Troubleshooting training of OU perturbation model (train/tr_curves_ml.m
).
Found bug in tr_curves_ml.m::ou_kernel
-- smoothing_variance
was used where perturb_smoothing_variance
should have been (copy-paste bug). Also fixed in sqexp_kernel
.
Optimizer appears to be running much more smoothly now. Probably because there previously was a strong correlation, due to smoothing_variance
appearing in two different parts of the equation. The resulting ridge could have caused slow progress.
...
Attempt #1
Initial params:
train_params =
smoothing_variance: 0.2500
noise_variance: 100
position_variance: 90000
rate_variance: 2.2500
perturb_smoothing_variance: 0.2500
perturb_rate_variance: 2.2500
perturb_position_variance: 90000
perturb_scale: 1
Stopped after 3 iterations.
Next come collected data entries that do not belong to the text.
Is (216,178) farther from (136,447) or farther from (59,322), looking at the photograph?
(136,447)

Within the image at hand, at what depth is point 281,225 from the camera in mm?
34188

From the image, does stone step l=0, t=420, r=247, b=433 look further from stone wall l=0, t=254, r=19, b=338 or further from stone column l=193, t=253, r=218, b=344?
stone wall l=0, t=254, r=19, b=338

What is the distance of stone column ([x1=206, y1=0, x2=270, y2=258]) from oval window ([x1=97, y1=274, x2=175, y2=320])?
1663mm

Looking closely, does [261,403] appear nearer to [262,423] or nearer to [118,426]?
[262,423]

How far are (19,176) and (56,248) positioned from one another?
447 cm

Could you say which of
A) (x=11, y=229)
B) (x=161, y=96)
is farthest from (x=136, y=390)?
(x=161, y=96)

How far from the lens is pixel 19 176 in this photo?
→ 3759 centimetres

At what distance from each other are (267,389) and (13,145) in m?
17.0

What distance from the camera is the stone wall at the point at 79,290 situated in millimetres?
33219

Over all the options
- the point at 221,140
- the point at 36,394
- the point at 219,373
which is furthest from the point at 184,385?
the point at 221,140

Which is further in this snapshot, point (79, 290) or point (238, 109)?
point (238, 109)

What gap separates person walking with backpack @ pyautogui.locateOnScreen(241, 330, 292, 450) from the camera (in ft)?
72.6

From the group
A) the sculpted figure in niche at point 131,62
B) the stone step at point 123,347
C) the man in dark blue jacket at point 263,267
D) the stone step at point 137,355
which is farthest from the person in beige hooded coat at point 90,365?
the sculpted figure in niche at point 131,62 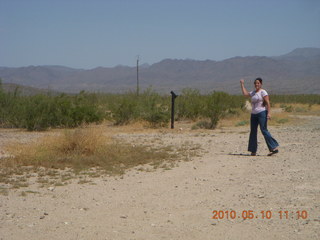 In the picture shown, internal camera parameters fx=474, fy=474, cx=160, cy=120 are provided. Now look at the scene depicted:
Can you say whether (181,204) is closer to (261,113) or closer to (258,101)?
(261,113)

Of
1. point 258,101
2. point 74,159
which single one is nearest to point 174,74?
point 258,101

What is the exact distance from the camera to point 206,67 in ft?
585

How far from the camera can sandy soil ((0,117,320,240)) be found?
19.3 ft

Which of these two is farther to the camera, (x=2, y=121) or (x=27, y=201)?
(x=2, y=121)

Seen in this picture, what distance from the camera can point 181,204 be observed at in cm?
723

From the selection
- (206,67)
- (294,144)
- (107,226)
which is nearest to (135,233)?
(107,226)

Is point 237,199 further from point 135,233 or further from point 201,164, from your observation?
point 201,164

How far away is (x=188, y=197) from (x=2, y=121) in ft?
50.6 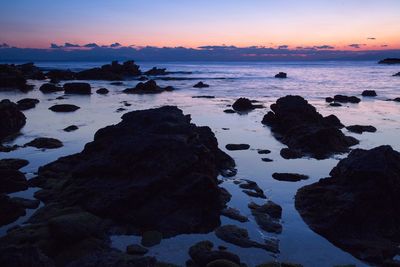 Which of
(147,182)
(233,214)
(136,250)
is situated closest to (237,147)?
(233,214)

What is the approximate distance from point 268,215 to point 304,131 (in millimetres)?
8641

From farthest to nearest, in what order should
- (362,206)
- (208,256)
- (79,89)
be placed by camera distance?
1. (79,89)
2. (362,206)
3. (208,256)

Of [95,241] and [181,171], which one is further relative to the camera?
[181,171]

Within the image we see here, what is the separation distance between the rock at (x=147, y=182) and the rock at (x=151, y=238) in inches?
7.5

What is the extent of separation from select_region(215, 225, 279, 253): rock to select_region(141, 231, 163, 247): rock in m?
1.35

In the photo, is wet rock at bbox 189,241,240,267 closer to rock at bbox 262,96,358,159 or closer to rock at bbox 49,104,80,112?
rock at bbox 262,96,358,159

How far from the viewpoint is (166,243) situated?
8.34 metres

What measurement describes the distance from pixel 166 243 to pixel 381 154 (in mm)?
6086

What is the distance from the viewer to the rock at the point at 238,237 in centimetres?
816

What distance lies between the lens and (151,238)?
848 cm

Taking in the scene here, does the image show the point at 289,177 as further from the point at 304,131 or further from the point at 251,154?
the point at 304,131

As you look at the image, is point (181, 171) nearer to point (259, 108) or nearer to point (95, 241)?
point (95, 241)

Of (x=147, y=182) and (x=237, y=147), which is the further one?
(x=237, y=147)

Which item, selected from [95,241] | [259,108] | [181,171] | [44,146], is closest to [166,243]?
[95,241] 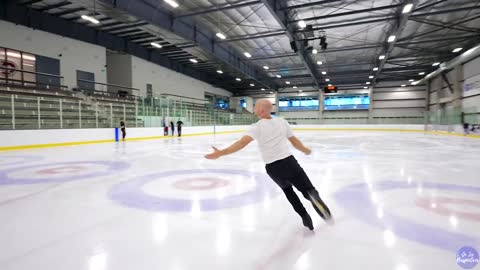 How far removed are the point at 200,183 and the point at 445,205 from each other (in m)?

Results:
train_params_done_1 =
smoothing_variance: 0.4501
noise_variance: 2.5982e-04
position_variance: 6.5359e+04
rate_variance: 3.9645
perturb_smoothing_variance: 3.3437e-06
perturb_rate_variance: 0.7268
perturb_position_variance: 3.0785e+04
perturb_scale: 0.5867
Final ML: 28423.438936
The final ML (2.84e4) is greater than the no-pertrub model (2.37e4). This is expected, since this model has more parameters, so we can get a tighter fit (maybe overfitting).
I like that noise variance is much smaller (close to the minimum--do I need to lower the floor?). This is expected, because the only source of IID noise is the rasterization process.
Position standard deviation is much higher than before (255 vs. 126), as is rate standard deviation (2.0 vs. 0.47).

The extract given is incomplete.